Sdoganate come semplici pezzi di legno per evadere oltre 6 milioni al Fisco Stoccate a Chieti, Casacanditella, Francavilla, Vacri e Popoli: 14 denunciati

CHIETI. Un eterno riposo made in China, grazie a bare taroccate, importate dalla Cina di contrabbando come fossero del semplice legname (e dunque pagando tasse e dazi doganali più bassi) e rivendute in maniera contraffatta con falsi marchi di note aziende del settore, sia italiane che europee. Le agenzie di pompe funebri non ne sapevano nulla. Una volta sottoterra, poi, difficile andare a verificarne la tenuta. Che senza dubbio risulta minore di quella di una cassa mortuaria costruita secondo le norme italiane. E così il compratore finale pensava di acquistare una Lorandi di Brescia, un’Eurocoffins o una polacca Sybond Poland, realizzate con legni pregiati a regola d’arte, per poi ritrovarsi un prodotto poco resistente e fatto con altri tipi di legname.

A prima vista nulla faceva pensare al Made in China pure sulla cassa da morto. Eppure, a un’indagine più accurata, si poteva notare, ad esempio, che i marchi delle case costruttrici non erano impressi nel legno come si fa abitualmente ma semplicemente stampati con un timbro, neanche tanto indelebile, visto che passandoci più volte il dito iniziava a scolorirsi. Un affare comunque ben congegnato che aveva portato a ricavi illeciti per 6 milioni e 150 mila euro. La guardia di finanza teatina, però, ha scoperto tutto, grazie a un’attività di ricerca informativa svolta dal comandante della compagnia di Chieti, capitano Angela Vallario, dal luogotenente Maurizio Mercaldo, dal maresciallo aiutante Giovanni Pelliccio e dal maresciallo capo Pierfilippo Milano, sotto la supervisione del comandante provinciale, colonnello Vittorio Di Sciullo. Ha preso il via così l’operazione “China Coffins” che ha portato al sequestro di 1203 bare taroccate e 14 persone denunciate.
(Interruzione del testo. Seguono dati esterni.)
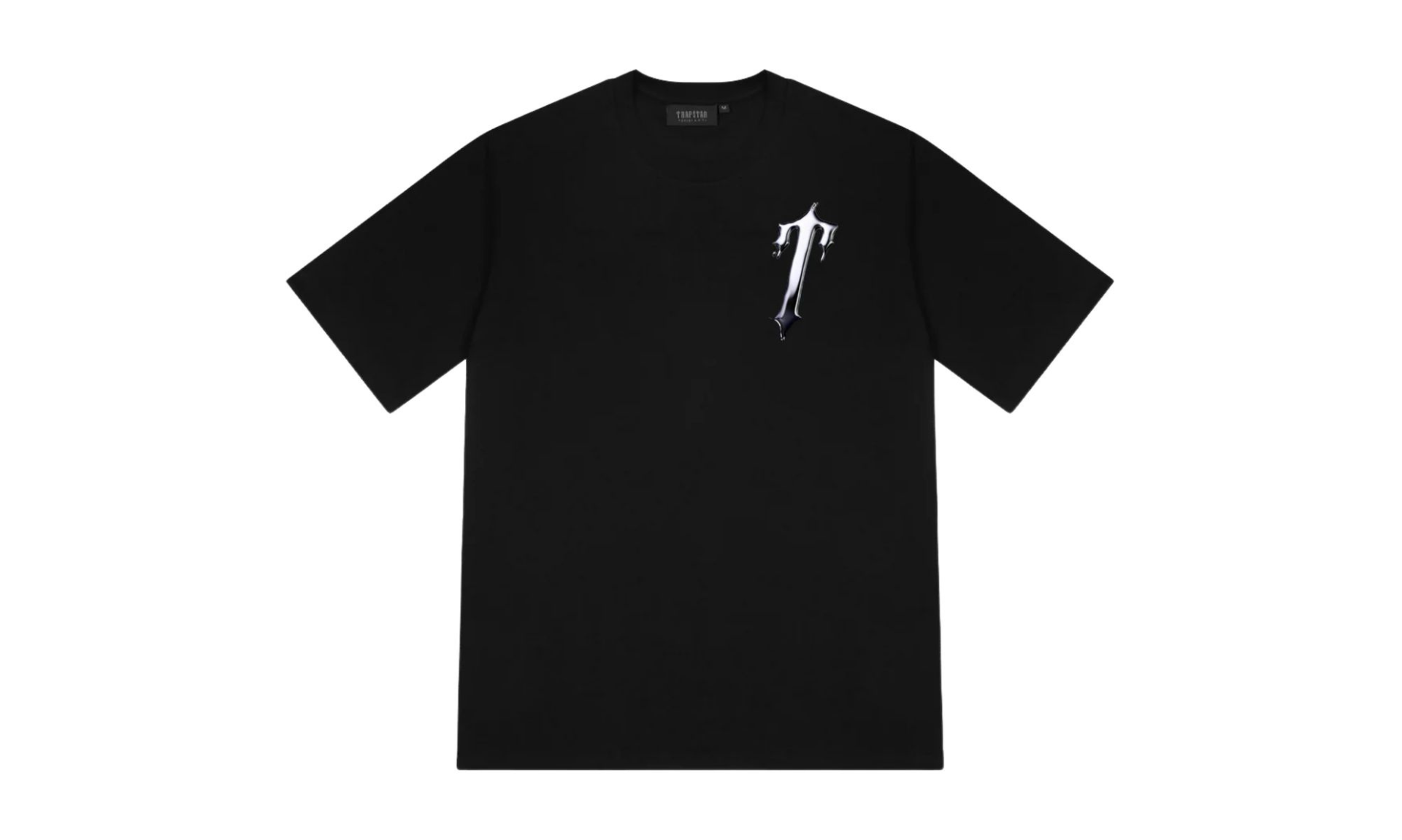 Trapstar Chrome Tee Black | OVERCEZ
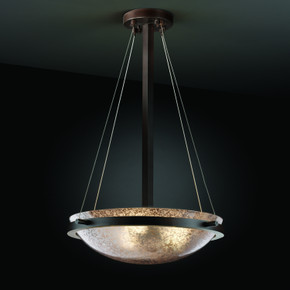 Pendants Bowl Style by Justice Designs ( 102 | FSN-9691-35-MROR-DBRZ Fusion ) 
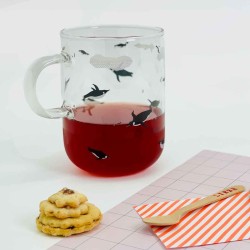 Mug en verre Pinguin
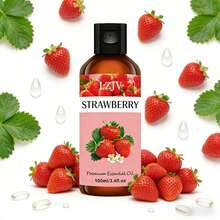 100毫升/3.4盎司，30毫升/1.0盎司草莓精油扩香器，草莓精油，按摩油，家居香氛扩香器，家居香氛，面部护理，礼品 - 草莓 - 查看 1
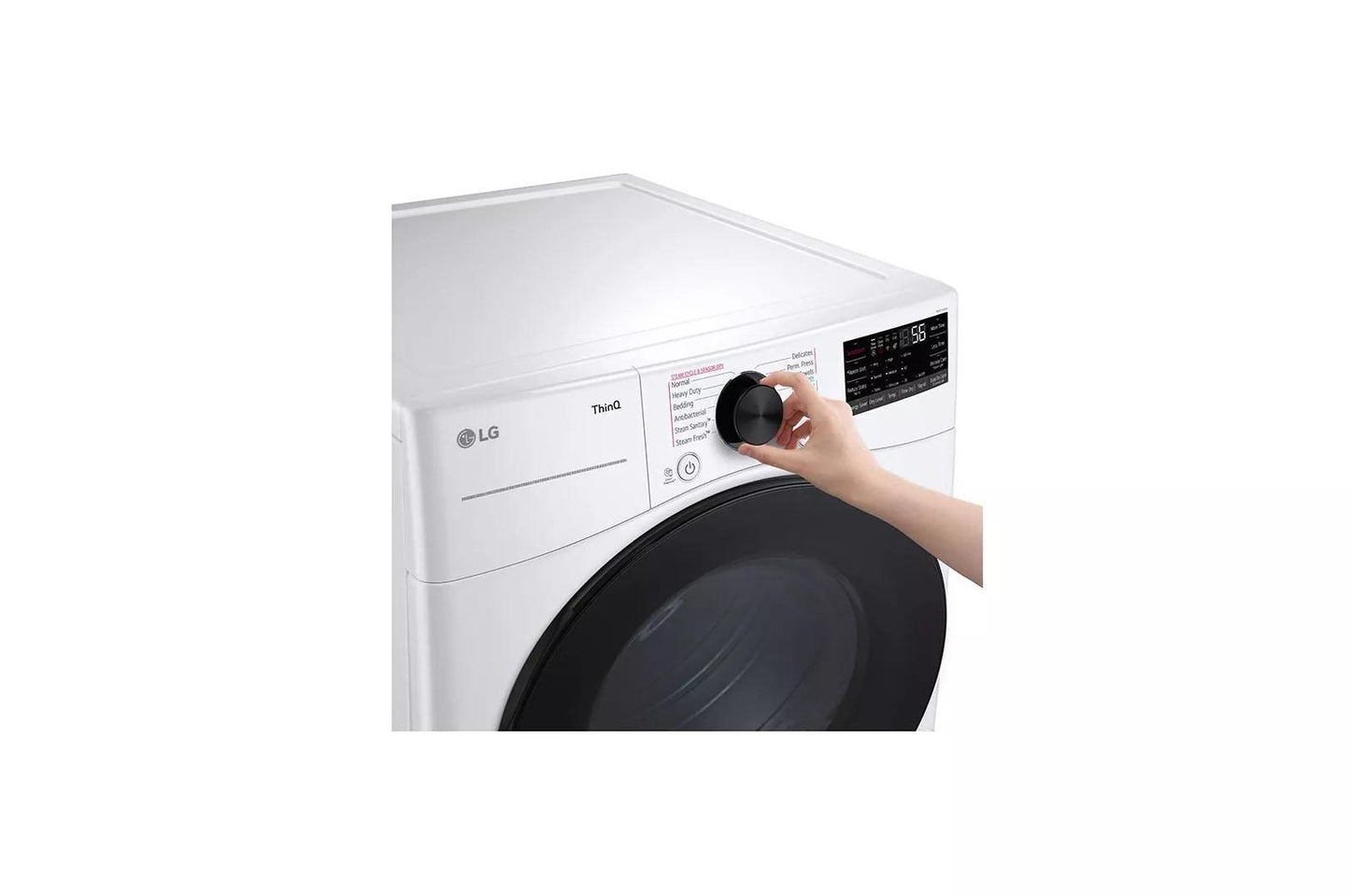 Lg DLEX4080W 7.4 cu. ft. Ultra Large Capacity Smart Front Load ENERGY STAR Electric Dryer with Sensor Dry & Steam Technology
TAROCCHI CINESI. I cofani mortuari arrivavano dalla Cina grazie a una ditta cinese, la Cao County HuifengyuanWooden Co. Ldt, che li faceva passare alla dogana come fossero del semplice legname. Utilizzavano, infatti, codici merceologici fasulli e dichiarazioni mendaci. Il “legname” viaggiava su navi che attraccavano nei porti di Napoli e Ancona. Un singolo pezzo costava 50 euro, mentre quando veniva rivenduta la singola bara veniva a costare 150 euro. Prezzo che saliva sul mercato finale da 400 a 800 euro al pezzo, a seconda del listino delle diverse griffe del mercato mortuario. L’inchiesta che riguarda le violazioni doganali, con quattro persone denunciate per contrabbando, è stata spostata alla Procura di Napoli. A Chieti resta, invece, l’indagine sui reati fiscali. Una volta ingannata la dogana, le casse taroccate viaggiavano sui Tir per invadere il mercato delle regioni del centro Italia, grazie a otto ditte del settore.

8 SOCIETA’ COINVOLTE. Sottoposte a verifica, le otto società coinvolte (una con sede a Rimini, due a Bari e le altre tra Chieti e provincia), sono risultate tutte evasori fiscali. Complessivamente non avevano dichiarato al fisco 6.149.654 euro di ricavi e non avevano pagato 1.064.248 euro di Iva e 5.153.650 di Irap. A fronte di questa situazione sono scattate 11 denunce per reati fiscali nei confronti dei titolari delle società. Si tratta, però, per tutte le ditte di prestanome o di persone comunque riconducibili al sodalizio che gestiva l’operazione. Un gruppo formato da cinesi, romeni e italiani di origine pugliese ma radicati nella provincia teatina.

IL FINTO FURTO. Il primo sequestro delle bare contraffatte è avvenuto ad ottobre 2013. I sigilli erano stati posti a quattro depositi che si trovano a Casacanditella, Francavilla e Vacri. A febbraio scorso, però, è stato denunciato il furto di 385 cofani da uno dei depositi di Casacanditella. Ma il furto era falso. Tanto è vero che i finanzieri ci hanno messo poco per scoprire un nuovo deposito a Popoli, dove hanno ritrovato 67 delle casse da morto che sarebbero state rubate. Le altre probabilmente erano di nuovo finite sul mercato. E così è scattata un’altra serie di denunce, questa volta per simulazione di reato, ricettazione, violazione agli obblighi di custodia, violazione dei sigilli e asportazione di beni sottoposti a sequestro.